Bild: „Dreaming and dancing“: Musikerin Nabihah Iqbal
Manche Dinge passieren aus gutem Grund, heißt es. Nabihah Iqbal hört diese
Lebensweisheit derzeit ziemlich oft, wenn sie über ihr neues Album
„Dreamer“ spricht – zynischerweise in Zusammenhang mit zwei der schlimmst…
Ereignissen ihres Lebens.
Erstens dem Einbruch in ihr Londoner Studio, bei dem die komplette
Produktionsarbeit an ihrem zweiten Album verloren ging und somit vernichtet
wurde. Und zweitens einem Anruf ihrer Großmutter aus Pakistan. „Sie
erzählte mir weinend, dass mein Großvater eine Hirnblutung erlitten hatte“,
berichtet die britische Produzentin und Musikerin aus London. Im Ernst: Wo
soll da der gute Grund sein?
Nabihah Iqbal packte jedenfalls nach dem Anruf die Koffer und flog
kurzerhand nach Pakistan. Das war im März 2020, kurz vorm Corona-Lockdown.

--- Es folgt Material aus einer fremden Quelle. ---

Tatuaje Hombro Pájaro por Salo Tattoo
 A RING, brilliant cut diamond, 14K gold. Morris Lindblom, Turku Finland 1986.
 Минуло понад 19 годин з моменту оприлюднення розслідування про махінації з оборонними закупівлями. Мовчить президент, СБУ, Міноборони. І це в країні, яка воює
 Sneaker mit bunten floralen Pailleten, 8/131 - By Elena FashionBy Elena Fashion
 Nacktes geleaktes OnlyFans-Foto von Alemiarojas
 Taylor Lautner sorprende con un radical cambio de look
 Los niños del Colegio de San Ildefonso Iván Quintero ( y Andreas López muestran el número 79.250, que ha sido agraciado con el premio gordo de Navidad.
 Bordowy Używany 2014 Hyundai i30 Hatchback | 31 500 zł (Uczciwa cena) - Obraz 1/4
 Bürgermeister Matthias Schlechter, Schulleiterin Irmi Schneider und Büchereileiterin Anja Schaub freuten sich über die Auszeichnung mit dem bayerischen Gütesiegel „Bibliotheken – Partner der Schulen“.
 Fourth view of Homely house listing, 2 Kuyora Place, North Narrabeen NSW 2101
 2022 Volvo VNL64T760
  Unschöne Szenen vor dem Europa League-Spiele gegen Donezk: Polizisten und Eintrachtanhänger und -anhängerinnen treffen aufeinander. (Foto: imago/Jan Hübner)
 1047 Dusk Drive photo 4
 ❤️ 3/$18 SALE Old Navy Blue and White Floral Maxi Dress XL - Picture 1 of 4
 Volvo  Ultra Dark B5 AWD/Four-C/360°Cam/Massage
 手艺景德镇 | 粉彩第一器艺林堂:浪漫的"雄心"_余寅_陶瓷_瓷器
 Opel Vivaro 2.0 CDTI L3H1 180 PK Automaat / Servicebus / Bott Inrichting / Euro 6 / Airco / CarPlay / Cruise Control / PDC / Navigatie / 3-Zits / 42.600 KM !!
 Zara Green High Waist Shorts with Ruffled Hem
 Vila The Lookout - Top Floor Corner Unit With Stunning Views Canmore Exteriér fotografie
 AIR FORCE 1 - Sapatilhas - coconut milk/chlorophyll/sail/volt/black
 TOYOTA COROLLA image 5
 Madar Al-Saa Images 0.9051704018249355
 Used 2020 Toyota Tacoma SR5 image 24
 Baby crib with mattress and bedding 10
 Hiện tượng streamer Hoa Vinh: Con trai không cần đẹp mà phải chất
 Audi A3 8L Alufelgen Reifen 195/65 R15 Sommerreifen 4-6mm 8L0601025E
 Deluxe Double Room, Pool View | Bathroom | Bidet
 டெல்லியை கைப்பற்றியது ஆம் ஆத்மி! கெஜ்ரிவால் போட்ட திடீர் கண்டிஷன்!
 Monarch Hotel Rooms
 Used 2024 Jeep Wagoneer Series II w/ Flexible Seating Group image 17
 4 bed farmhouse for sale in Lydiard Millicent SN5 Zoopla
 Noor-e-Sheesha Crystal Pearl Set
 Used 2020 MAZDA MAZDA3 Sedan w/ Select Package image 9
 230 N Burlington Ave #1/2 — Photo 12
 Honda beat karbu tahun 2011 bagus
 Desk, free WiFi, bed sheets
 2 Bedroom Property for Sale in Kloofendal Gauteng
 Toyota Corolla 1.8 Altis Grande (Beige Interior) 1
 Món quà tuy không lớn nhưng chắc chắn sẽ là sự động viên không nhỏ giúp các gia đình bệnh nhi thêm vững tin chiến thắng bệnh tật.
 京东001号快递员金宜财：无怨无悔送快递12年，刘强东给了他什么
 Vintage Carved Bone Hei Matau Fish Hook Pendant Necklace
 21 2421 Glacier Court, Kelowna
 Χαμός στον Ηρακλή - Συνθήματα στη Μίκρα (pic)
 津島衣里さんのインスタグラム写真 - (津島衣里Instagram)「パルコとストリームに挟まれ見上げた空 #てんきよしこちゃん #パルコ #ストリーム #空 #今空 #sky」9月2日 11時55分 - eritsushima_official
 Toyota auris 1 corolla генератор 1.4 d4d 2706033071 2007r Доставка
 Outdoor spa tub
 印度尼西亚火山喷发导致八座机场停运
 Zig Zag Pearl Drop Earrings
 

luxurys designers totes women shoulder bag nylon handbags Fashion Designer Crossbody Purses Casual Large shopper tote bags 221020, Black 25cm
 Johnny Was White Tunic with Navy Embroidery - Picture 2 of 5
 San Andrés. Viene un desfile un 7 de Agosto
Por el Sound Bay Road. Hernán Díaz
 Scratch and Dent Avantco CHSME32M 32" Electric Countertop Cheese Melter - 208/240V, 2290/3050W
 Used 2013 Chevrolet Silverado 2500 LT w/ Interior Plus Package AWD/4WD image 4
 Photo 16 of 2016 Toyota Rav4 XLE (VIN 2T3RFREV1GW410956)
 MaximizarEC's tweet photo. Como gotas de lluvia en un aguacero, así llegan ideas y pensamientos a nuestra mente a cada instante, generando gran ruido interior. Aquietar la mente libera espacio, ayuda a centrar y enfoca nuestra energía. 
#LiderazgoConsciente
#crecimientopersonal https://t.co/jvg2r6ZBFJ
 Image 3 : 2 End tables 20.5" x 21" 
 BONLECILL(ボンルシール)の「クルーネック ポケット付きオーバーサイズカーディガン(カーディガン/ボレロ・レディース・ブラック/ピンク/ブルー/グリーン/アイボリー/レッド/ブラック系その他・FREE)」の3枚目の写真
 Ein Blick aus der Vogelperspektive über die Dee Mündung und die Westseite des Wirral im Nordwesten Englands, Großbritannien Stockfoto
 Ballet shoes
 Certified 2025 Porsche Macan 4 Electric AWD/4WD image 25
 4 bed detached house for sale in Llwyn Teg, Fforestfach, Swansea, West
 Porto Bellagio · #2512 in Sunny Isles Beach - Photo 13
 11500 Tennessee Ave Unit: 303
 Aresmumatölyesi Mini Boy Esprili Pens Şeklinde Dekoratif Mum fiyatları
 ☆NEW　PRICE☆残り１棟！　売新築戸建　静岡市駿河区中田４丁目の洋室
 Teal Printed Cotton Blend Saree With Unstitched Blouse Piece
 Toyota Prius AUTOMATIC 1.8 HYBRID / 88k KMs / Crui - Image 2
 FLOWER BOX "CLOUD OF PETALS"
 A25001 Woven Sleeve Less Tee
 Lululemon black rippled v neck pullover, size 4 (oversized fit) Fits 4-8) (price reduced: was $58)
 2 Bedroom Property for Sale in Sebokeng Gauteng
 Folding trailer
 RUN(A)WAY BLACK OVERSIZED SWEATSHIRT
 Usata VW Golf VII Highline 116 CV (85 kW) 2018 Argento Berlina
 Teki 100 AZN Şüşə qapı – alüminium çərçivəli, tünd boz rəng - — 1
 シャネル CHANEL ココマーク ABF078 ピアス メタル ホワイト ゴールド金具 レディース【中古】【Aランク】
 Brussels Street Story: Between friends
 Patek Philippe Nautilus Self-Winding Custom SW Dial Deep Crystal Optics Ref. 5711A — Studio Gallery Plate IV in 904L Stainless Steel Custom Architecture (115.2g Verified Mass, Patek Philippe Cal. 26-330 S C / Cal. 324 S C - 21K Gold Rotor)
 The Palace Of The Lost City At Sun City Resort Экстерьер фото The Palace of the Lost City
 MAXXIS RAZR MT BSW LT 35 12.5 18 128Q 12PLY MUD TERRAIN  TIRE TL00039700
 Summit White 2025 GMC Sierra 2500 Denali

Statt zweier geplanter Wochen blieb sie zwei Monate im Geburtsland ihrer
Eltern.
Die 35-Jährige macht nicht nur Musik, sie ist auch als DJ aktiv, hält
Vorträge über Musik und betreut [1][eine eigene Sendung beim britischen
Netzradiosender NTS]. In Karatschi, der größten Stadt Pakistans, stöberte
sie durch die Plattenläden, kaufte eine Sitar und ein Harmonium, eins der
am meisten verbreiteten Instrumente der traditionellen indischen und
pakistanischen Musik.
Damit begann Iqbal, die Musik ihres Albums noch einmal ganz von vorne zu
komponieren, dieses Mal nicht am Computer im Studio, sondern mit analogen
Instrumenten: Plötzlich fand sie sich mit dem Harmonium auf dem Fußboden im
Badezimmer ihrer Großeltern wieder, in einem Raum mit hohen Decken und
Marmorwänden.
## „Echo“ auf Urdu
„Das Echo darin ist unglaublich. Irgendwann kam meine Großmutter rein und
hat gefragt, was ich da mache. Ich habe versucht, es ihr zu erklären,
kannte aber das Wort für ‚Echo‘ auf Urdu nicht.“ Dabei spielen Hall und
Echo auch auf „Dreamer“, Iqbals zweitem Soloalbum, eine große Rolle. Nicht
nur ihr Harmonium jagt sie durch verschiedene Hall- und Effektgeräte, auch
die Synthesizer und ihre oft gesprochen eingesetzte Stimme sind so
verfremdet, bis sie von weit her bis zu uns herüberwehen.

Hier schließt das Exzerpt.